• [Work order]: Among the lines of data below, reproduce only those from the one with "Imagem de 72ore" through the one with "Two NY Pullover Blouse ~ Floral Dabu", exactly as they stand, both ends included.
BEGIN Data for analysis
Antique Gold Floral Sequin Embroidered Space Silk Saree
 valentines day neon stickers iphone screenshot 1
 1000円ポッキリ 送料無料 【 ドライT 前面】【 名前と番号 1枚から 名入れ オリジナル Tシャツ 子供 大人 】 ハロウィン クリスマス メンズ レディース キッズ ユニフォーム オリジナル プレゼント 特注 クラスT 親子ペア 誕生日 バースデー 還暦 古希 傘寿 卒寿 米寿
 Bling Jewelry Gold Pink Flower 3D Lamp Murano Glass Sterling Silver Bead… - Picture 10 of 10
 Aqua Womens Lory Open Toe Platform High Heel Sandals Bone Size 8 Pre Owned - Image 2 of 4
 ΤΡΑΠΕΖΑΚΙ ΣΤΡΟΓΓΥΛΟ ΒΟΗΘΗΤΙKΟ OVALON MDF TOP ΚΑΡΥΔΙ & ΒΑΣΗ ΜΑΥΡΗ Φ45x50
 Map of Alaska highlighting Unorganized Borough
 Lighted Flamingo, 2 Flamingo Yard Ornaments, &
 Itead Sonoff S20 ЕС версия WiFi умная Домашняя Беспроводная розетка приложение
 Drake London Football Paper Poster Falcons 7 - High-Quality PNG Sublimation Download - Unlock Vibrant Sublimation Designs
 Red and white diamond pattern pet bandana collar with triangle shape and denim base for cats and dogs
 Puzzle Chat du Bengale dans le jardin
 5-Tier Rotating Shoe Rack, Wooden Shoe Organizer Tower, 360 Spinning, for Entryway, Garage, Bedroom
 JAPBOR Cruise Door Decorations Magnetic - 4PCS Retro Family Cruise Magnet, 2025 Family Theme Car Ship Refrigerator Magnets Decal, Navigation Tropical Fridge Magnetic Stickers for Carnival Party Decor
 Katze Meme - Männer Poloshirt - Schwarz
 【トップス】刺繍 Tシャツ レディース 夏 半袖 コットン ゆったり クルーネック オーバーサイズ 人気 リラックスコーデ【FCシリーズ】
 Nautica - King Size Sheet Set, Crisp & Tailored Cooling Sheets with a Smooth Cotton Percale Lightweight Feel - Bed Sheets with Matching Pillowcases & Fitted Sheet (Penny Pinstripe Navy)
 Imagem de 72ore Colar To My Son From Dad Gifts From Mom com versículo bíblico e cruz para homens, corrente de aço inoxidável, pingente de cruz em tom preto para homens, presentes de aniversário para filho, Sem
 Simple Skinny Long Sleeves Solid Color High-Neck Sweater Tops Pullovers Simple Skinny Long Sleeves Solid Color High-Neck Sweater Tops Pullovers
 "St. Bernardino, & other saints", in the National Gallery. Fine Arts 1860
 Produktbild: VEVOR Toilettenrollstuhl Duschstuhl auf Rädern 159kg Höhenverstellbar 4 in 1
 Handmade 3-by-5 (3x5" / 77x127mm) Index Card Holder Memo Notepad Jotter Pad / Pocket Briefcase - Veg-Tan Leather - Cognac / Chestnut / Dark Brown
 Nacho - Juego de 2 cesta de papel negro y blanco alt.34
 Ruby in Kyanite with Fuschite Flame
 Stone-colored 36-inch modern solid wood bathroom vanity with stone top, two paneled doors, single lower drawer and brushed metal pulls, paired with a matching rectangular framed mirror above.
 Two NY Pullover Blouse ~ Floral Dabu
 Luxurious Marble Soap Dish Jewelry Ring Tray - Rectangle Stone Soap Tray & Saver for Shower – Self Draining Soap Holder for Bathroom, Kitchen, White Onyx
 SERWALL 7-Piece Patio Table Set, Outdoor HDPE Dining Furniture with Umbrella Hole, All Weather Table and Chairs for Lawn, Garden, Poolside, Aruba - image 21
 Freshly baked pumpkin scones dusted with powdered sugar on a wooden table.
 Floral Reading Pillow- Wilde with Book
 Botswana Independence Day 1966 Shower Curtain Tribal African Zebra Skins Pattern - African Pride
END Data for analysis
• [Output for this task]:
 Imagem de 72ore Colar To My Son From Dad Gifts From Mom com versículo bíblico e cruz para homens, corrente de aço inoxidável, pingente de cruz em tom preto para homens, presentes de aniversário para filho, Sem
 Simple Skinny Long Sleeves Solid Color High-Neck Sweater Tops Pullovers Simple Skinny Long Sleeves Solid Color High-Neck Sweater Tops Pullovers
 "St. Bernardino, & other saints", in the National Gallery. Fine Arts 1860
 Produktbild: VEVOR Toilettenrollstuhl Duschstuhl auf Rädern 159kg Höhenverstellbar 4 in 1
 Handmade 3-by-5 (3x5" / 77x127mm) Index Card Holder Memo Notepad Jotter Pad / Pocket Briefcase - Veg-Tan Leather - Cognac / Chestnut / Dark Brown
 Nacho - Juego de 2 cesta de papel negro y blanco alt.34
 Ruby in Kyanite with Fuschite Flame
 Stone-colored 36-inch modern solid wood bathroom vanity with stone top, two paneled doors, single lower drawer and brushed metal pulls, paired with a matching rectangular framed mirror above.
 Two NY Pullover Blouse ~ Floral Dabu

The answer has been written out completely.